What still confuses me is the grain refinement of the various forms of producing steel. Traditional D2, for example, has coarse carbides that make edge refinement difficult, reduce blade toughness and increase edge wear resistance. Thats ingot D2, one of the most popular and respected of the traditional knife steels.
The apex of a sharp knife edge is 1 to 2 microns wide. The carbides in D2 are 40 microns or so. A traditional steel like 12C27, Sandviks main knife steel, will have an average carbide size of 0.5 micron. The large D2 carbides are not evenly distributed. They can clump, reducing toughness. And they can rip out when the steel is sharpened. You can literally put a razors edge on 12C27.
My unsupported understanding is that the average grain size in D2 was about 10 microns, with the grain size of powder D2(CPM D2) being 5 microns. I realize that Me2 disagrees, saying the powder process has little effect on grain size, but neither of us has been able to present any evidence. I don't care who is right, I'd just like to know.
But we seem to agree that the carbides will be smaller and more uniformly distributed in powder D2 than in ingot D2, making the powder steel tougher and better able to be honed to a fine edge.
Now comes PSF27, which is Carpenters D2 made with the spray forming process. The alloy is the same as D2, but the spray forming process is supposed to create a very fine grain, reduce carbide size, improve carbide distribution, increase toughness and allow the blade to be hardened to a higher Rc. In other words, the steel will have much better edge stability (strength and toughness) and be able to sharpened to a finer edge. It's D2 on steroids.
But what happens to the grain structure?
You can "literally" put a razors edge on ingot D2 as well.

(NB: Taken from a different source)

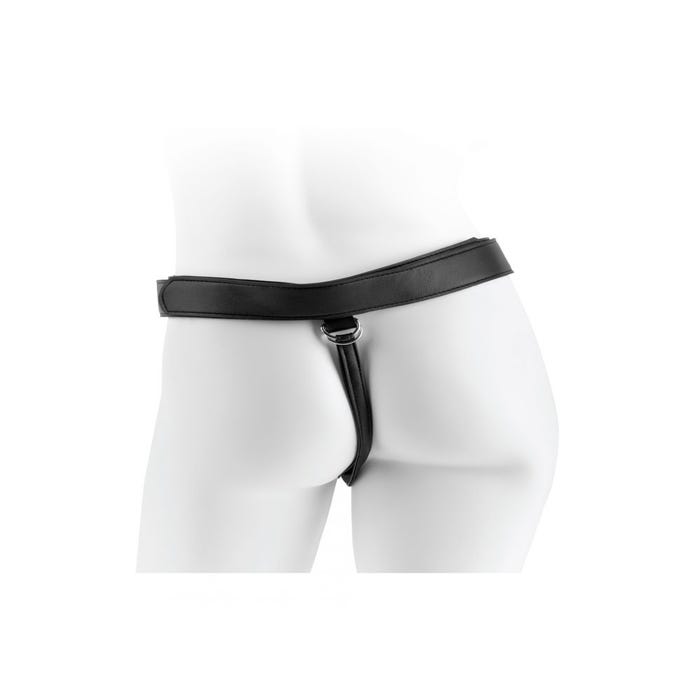 Gode Ceinture 17,8 cm Uncut King Cock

Please, folk, read back: having large carbides at the edge allows for MORE edge-refinement, and not just a little bit more but
10-100X more refinement. With its small carbides and volume, you can sharpen 12C27 down to 0.5 um apex diameter ... but you can achieve 0.05 - 0.005 um with WC-Co, diamond, and obsidian, i.e. carbide edges. Why? Because the carbides are harder (> 80Rc), less flexible or prone to deformation, so they can be shaped to a point/plane 10-100X narrower than low carbide 12C27 can achieve with any stability. 12C27 taken that sharp is LESS stable (strength & toughness) because it is too soft to resist deformation at such thin geometry, it rolls and flattens. If you could place ingot D2's large carbides in the apex and shape them appropriately, you'd have a knife 10-100X sharper in that section. If D2 is "toothy" at a microscopic level, it is from having some sections of sharper carbide (much sharper than 12C27
anywhere) and some sections of duller matrix ("dull" at 0.5 um like 12C27).
With 12C27 and other razor steels, they easily take a "dull" edge, but that edge (0.5um) is "shaving sharp" and relatively "tough" against impact stress meaning it with deform rather than fracture - lots of room on the stress/strain curve. With harder carbide, there isn't much room in the stress/strain curve for deformation hence it being "brittle" not in the sense that it is weak, indeed it is much stronger than the matrix, stronger than 12C27 at max hardness, especially at such thin geometries where it will actually hold its shape, but in the sense that when lateral or impact stress is applied it will NOT deform as readily and will fracture in short order. That said, it isn't usually the carbide itself fracturing but rather the weak bond with the matrix (grain boundary).
To improve steel toughness, industry works to reduce the size of these carbide-grain boundaries by reducing the size of the carbides themselves such that lateral and impact stress on a section of edge can be distributed to many small grain-boundaries rather than one large one more susceptible to fracture-growth.
But again, the 12C27 and other"fine" steels do not obtain a "finer edge" than others, they simply are able to obtain that "fine edge" (more of a weak "working edge" really) more easily than high-carbide materials, and that edge is tougher and easier to maintain (requires less careful technique, less specialized equipment).
When speaking in relative terms - fine, dull, tough, brittle, strong, weak - it is important to specify the measurement range you are describing. If comparing >80Rc to ~60Rc, which is weak? If comparing 0.5um to 0.05um, which is "fine" or "sharp" vs. "dull"?
Also, when discussing "edge stability", one should specify the geometries (edge thickness) and stress to which that geometry is subjected. Remember that abrasive wear is, at the microscopic level, impact stress and lateral loading, so an edge more resistant to that stress could be described as "more stable" ... but the conditions are very specific.
If someone understands these notions differently, please explain why as i am by no means an expert. Alright, now back to an awesome thread about the matrix grain size (rather than carbide grain size). Thank you for your patience.